Exercise: The word to find is "living". State how many lines below contain it, giving only the number.

Material provided:
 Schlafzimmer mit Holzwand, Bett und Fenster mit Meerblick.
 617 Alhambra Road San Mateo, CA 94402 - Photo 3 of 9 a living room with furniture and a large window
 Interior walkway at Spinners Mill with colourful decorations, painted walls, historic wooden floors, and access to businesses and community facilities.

...

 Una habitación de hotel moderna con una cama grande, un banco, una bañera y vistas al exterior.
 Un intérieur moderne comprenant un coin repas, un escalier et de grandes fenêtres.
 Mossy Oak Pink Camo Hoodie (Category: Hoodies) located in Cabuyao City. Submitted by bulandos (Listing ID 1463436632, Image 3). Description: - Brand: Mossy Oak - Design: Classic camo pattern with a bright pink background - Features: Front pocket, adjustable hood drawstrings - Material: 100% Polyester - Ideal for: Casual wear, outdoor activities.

...

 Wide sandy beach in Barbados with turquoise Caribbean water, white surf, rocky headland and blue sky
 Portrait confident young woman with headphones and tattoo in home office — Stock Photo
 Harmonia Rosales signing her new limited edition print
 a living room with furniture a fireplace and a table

Result below: 2